I once took a science test in high school with the multiple-choice answers written on the pencil I was using. While standing in a circle in the smoking area right before my last class, which was science, I made the comment that I wasn’t ready for the test I was about to take. So, a kid in the circle handed me the pencil and said, “there’s the answers.” I don’t know how he got the pencil. I never asked. He was a freshman and it was a sophomore class but, I made a hundred on that test. Usually I came out with a passing grade. A low C or a high D. reading the chapter was the most effort that I put into that class. Science really wasn’t my thing.
In my freshman year a guy once paid me one dollar per assignment to do his homework for him. Of course, it was in my handwriting, which he wouldn’t recopy and, he acted like I was over charging him, but that was English class and he had hit me up later in the week for some Science and Math. I guess if I had been more proficient in my life of crime I would have taken up forgery, and if I had been more business minded I would have charged him less since I was getting more work from him. I quit that scam after a couple of weeks for fear of getting caught and being heckled over my prices. The dude was making A’s for the first time in his life and if he would have recopied the work that was already done for him then he might have passed the tests. You can’t put a price tag on that. 

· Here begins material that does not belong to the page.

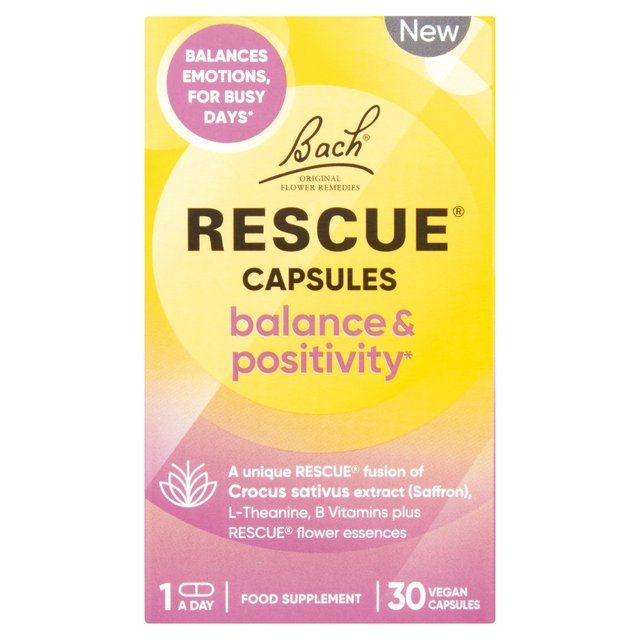 Bach Flower Remedies Balance & Positivity Rescue Capsules 30 per pack - McGrocer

Proverbs 1:7 claims that the fear of the lord is the beginning of all knowledge. Now, if I was a Pharisee or some other kind of rabbinical scholar or like King David who it is said would wake up in the wee hours to study Torah then I might would break this statement down. (of course, I’ll note hear that it was David’s son Solomon who wrote Proverbs.) I might would say that “fear” is the beginning of all knowledge or, that fear is the means to knowledge. Not that I am trying to take anything away from the Lord. This is just a deeper dive to the root of it for case in point that fear is the fulcrum that sets learning into motion.
When I was in the army I was surrounded by many very young men such as myself who had volunteered the same as I had but, did not realize what they were getting into. The whole training experience was based on fear: fear of being yelled at, fear of being made to do push ups till you puked, but most of all we were afraid of failing because failing meant that you had to start over which put you that much further from being able to see your friends and family that you missed dearly at that point.
Another thing I think we were all afraid of was quitting. Its one thing to fail those around you but I’ve always found that failing yourself is harder to swallow and fear, of anything, is the ultimate engine that powers us to strive. Employees fear their employer through fear of discipline and termination but, gratitude can bring those fears to fruition of a job well done.
To give validation to that last point I will say that there is a whole generation out there who does not know how to read and right. I won’t say which one but, I will say that it is a generation that saw the most vicious of teachers to ever grace the school system. They would beat children with paddles, yard sticks, even beat the back of their hands with rulers. This just goes to show that fear, without proper instruction, is simply just malice.